I contacted Essick Air’s client service rep just to tell them regarding the poor repair and got a very passionate apology and a promise to take it up with higher-ups and get back to me. I did not ask for it, but thought I might genuinely get a new “chassis” out of the deal. I’m not actually comfortable with my backyard fix job.
Of course, after that I heard not one thing ever again. The higher ups had plainly ducked the problem.
Maybe it’s the fact that I am a retired merchandising executive and recognise better myself, but it amazes me that a national company with a widely known and esteemed brand name would not treat me a little better when fulfilling the terms of a warranty. The client service person could not have been nicer, but after that the treatment was suspicious, curt, abrupt, and, well, unsophisticated.
The documents I was sent were full of warnings and self-protective disclaimers, but showed little concern for my broken product or my work returning it: if they found that I did not in truth have a warranty claim, I would have to compensate for shipping both ways ($33.00 out, and, were I so ridiculous to want a broken fan unit, another $33.00 back). Or I could pay for repairs in advance.
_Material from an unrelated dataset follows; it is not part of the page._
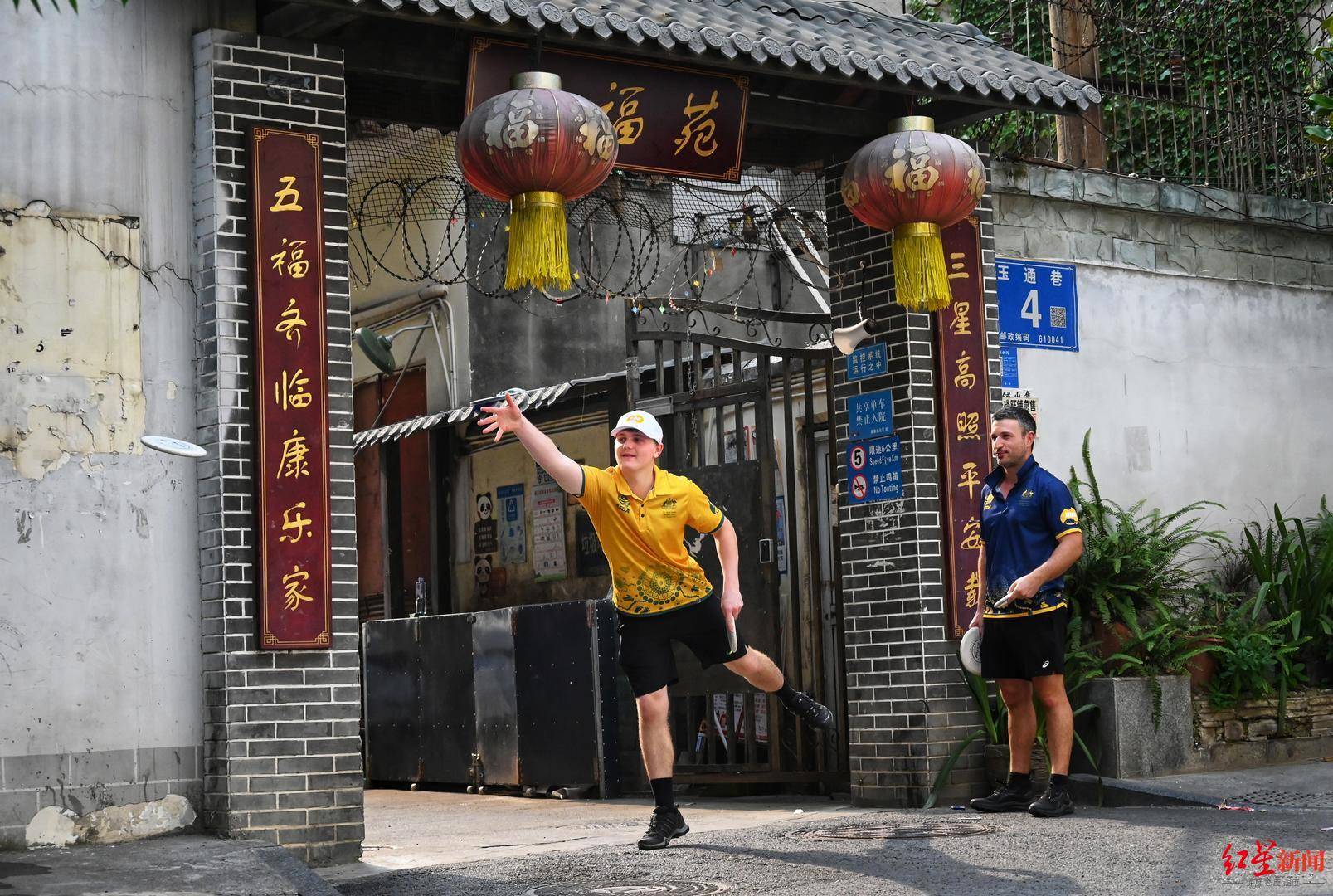 在成都的公园里<strong></p>
<p>波场币价格</strong>，为世运会热身！澳大利亚掷准飞盘队特殊的赛前“体验”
All this “attitude” and they had not even looked at my problem yet. The unit as I described it to them was beauteous without doubt or question broken, it was evidently a burnt out motor bearing, it will have to have happened more than once. I felt strongly that they were attempting to get me to give up on the warranty. The whole approach implied that I was nuts for even bothering them and in all likelihood attempting to cheat them. All this for a $10 motor!
From my point of view, of course, it’s with regards to a $150 item that ought to last longer than a year. Much longer.
Oh, yeah, that second one I bought? It arrived, brand new, with a squeak in the fan that even I may listen — and I’m partly deaf. Not rather piercing sufficient to send back though, so we use it on a lower floor. Could never use it in the bedroom. Other than the squeak, it works great. Will it last a year? Stay tuned!
39 of 42 people found the following review helpful.
A very good Humidifier By A Have used two of the Bemis H 12, 3 speed Humidifier, now for two years. They are very having little impact to use & require very little care, except for & occasional cleaning. Must replace the Wick & the back Air Filter each year, to keep it working well. Also ought to receive one good cleaning per year, inside, as much dust will get on all surfaces in & around the fan area. They seem very well maitain the desired humidty level, as I have good Humidstats in rooms, to give indication of where settings ought to be for variences caused by outside air temp, which mainly affects amount of water needed, to be added to room air. Just got a new 1045 Super Wick, when I put it on, I found that it did not have the little bracket on the top, left side to slide the little guide that holds the water level rod (that goes up & down with level, to show when filling is needed. This made it hard to put the top back on, as rod would not stay in place, and had to “Duct Tape” to make it stay & line up with switch, where it slides into switch depression. Don’t recognise if this was just an error, or if this is not put on replacment Wicks any longer. This is a good Humidifier & would sure commend it to anyone, to undertake & buy.
A Satisfied .
23 of 24 people found the following review helpful.
Bemis H12-400 3-Speed Evaporative Console Humidifier By Elisa H. Coleman Very few humidifiers work as well as the Bemis. I would commend it to everyone. There is one cautionary note: Be sure to check the tank and reservoir each day. Five gallons of water do not last very long,so pay attention. This way the proprietor will have good, clean humidity. The unit is easy to take apart and clean.